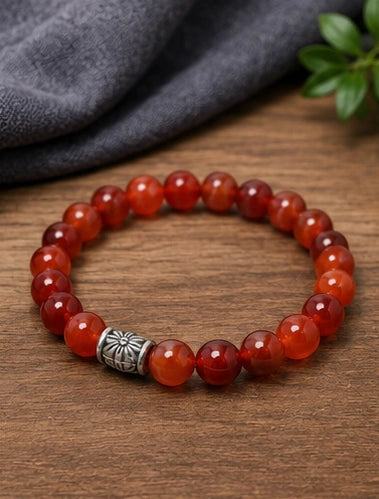 Carnelian Stone Certified Gemstone Bracelet – Confidence, Energy & Motivation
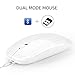 Produktbild Maus M90 2.4G Wireless + Bluetooth Dual Mode Maus wiederaufladbare drahtlose BT 5.0 USB Dual Mode Gaming Mäusemäuse für PC Laptop (Weiß)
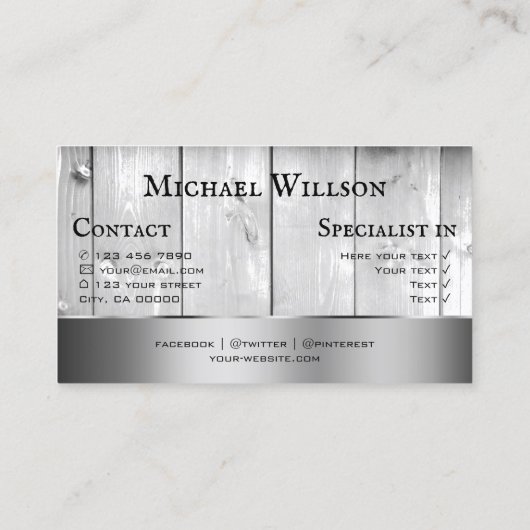 Witte houten planken Houten Graan Zilveren Decor R Visitekaartje (Achterkant)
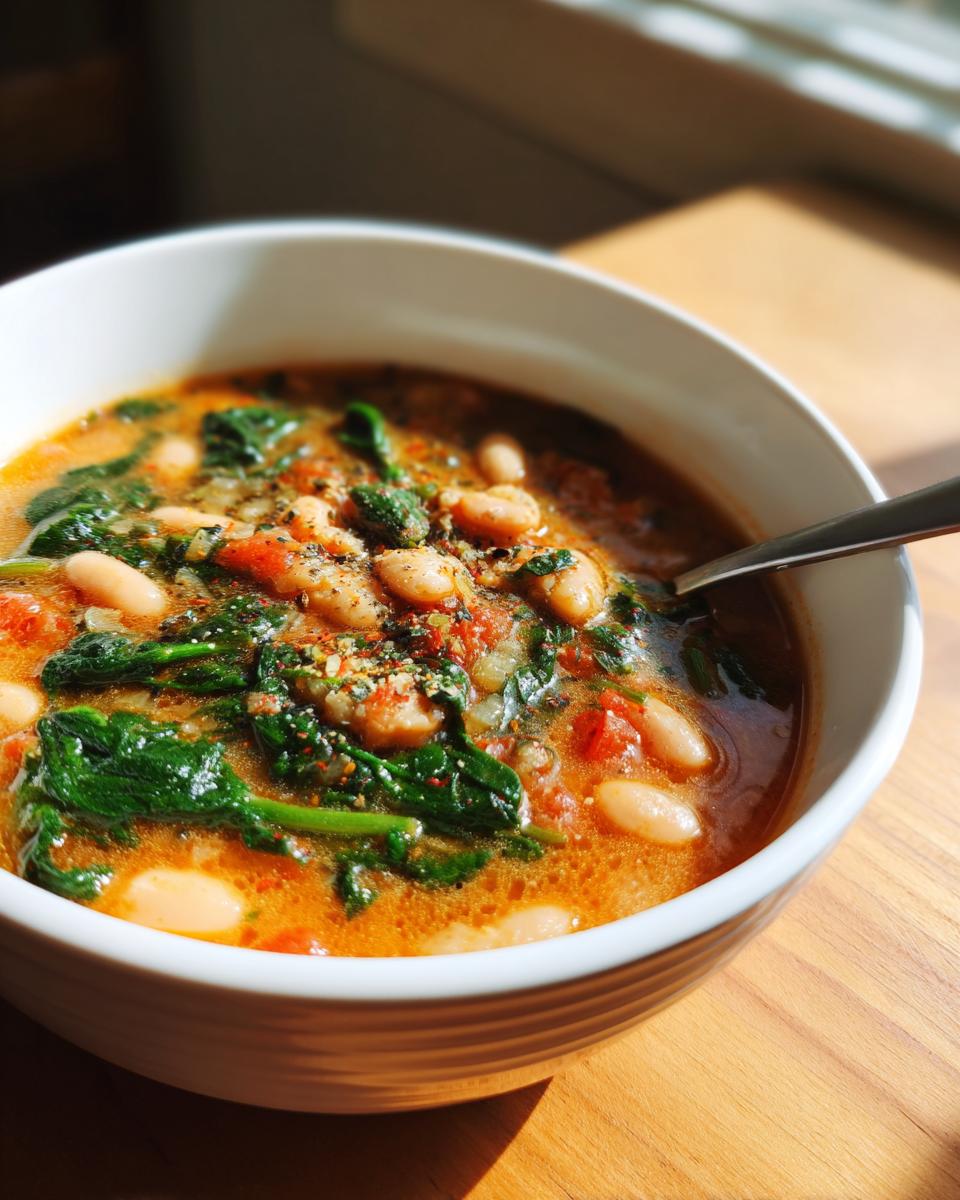 Close-up of a bowl of Tuscan White Bean & Spinach Soup, with white beans, spinach, and tomatoes.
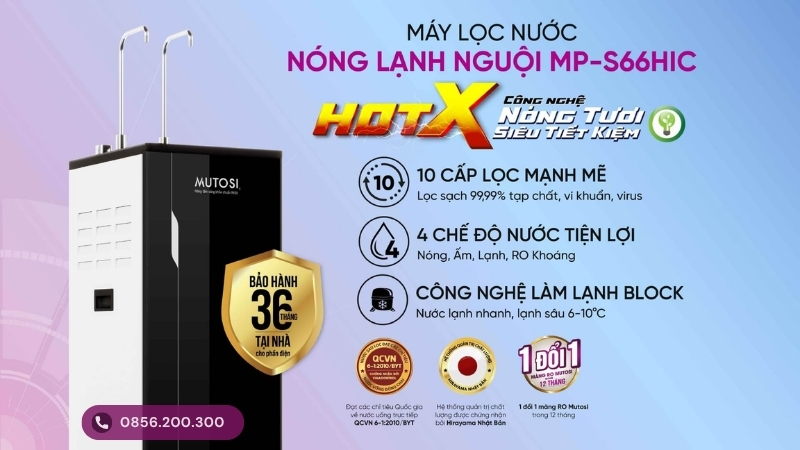 Máy lọc nước Mutosi nóng-lạnh-nguội MP-S66HIC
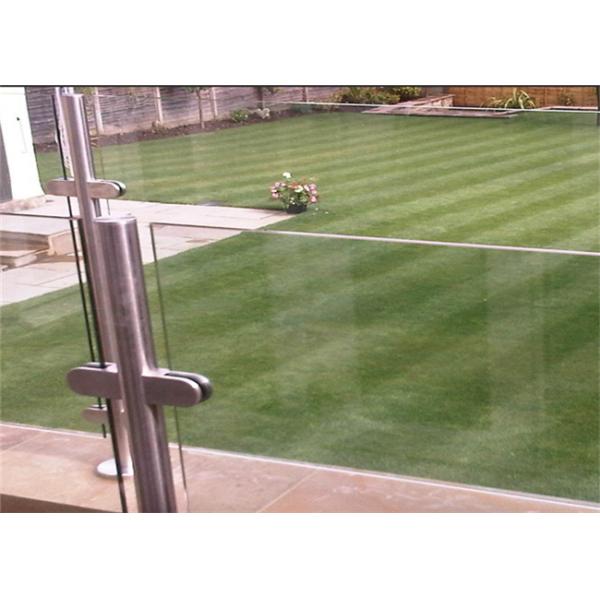 Modern Stainless Steel Glass Balcony Railings , Clear Laminated Glass Railing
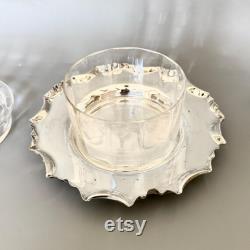Antique Powder Glass Jar on Tray, Edwardian Silver Plated Vanity Box, Dressing Table Powder Pot, by Hukin, Heath and Sons, HH andS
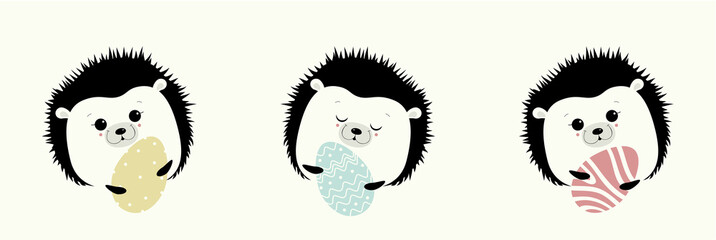 Illustration. You can apply for Happy Easter.Cute hedgehogs are depicted with open and closed eyes, holding in the paws a Easter eggs with color ornament on it.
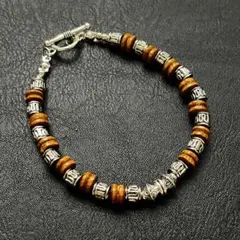 【新品】インディアンジュエリー　ブレスレット　ナバホ　木製　シルバービーズ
■ ■ ■ ■ ■ ■ ■
=== Your task ===
Print the lines from the beginning of the records up to and including the line containing "Witte houten planken", word for word, with no pictures.

=== Written response ===
 Carnelian Stone Certified Gemstone Bracelet – Confidence, Energy & Motivation
 Produktbild Maus M90 2.4G Wireless + Bluetooth Dual Mode Maus wiederaufladbare drahtlose BT 5.0 USB Dual Mode Gaming Mäusemäuse für PC Laptop (Weiß)
 Witte houten planken Houten Graan Zilveren Decor R Visitekaartje (Achterkant)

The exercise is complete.